Excerpted records START

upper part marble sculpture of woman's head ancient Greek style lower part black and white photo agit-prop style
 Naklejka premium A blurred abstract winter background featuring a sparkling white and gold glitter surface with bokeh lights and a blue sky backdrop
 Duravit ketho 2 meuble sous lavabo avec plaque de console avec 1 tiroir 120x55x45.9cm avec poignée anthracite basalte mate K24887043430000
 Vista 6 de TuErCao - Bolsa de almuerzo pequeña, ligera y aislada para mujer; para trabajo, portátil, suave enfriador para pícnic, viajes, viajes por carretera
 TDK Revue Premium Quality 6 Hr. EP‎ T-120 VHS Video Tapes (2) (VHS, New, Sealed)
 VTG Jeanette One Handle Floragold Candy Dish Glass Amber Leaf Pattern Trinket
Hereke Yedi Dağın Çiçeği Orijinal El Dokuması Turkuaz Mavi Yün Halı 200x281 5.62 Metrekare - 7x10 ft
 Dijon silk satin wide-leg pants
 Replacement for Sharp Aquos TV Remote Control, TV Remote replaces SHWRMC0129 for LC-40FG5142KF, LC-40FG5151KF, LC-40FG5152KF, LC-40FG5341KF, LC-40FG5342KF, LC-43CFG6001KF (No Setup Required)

Excerpted records END

Your assignment: What is needed is an exact copy of the lines from the one containing "TDK Revue Premium" through the last line of the records, and nothing else.

Answer for the task:
 TDK Revue Premium Quality 6 Hr. EP‎ T-120 VHS Video Tapes (2) (VHS, New, Sealed)
 VTG Jeanette One Handle Floragold Candy Dish Glass Amber Leaf Pattern Trinket
Hereke Yedi Dağın Çiçeği Orijinal El Dokuması Turkuaz Mavi Yün Halı 200x281 5.62 Metrekare - 7x10 ft
 Dijon silk satin wide-leg pants
 Replacement for Sharp Aquos TV Remote Control, TV Remote replaces SHWRMC0129 for LC-40FG5142KF, LC-40FG5151KF, LC-40FG5152KF, LC-40FG5341KF, LC-40FG5342KF, LC-43CFG6001KF (No Setup Required)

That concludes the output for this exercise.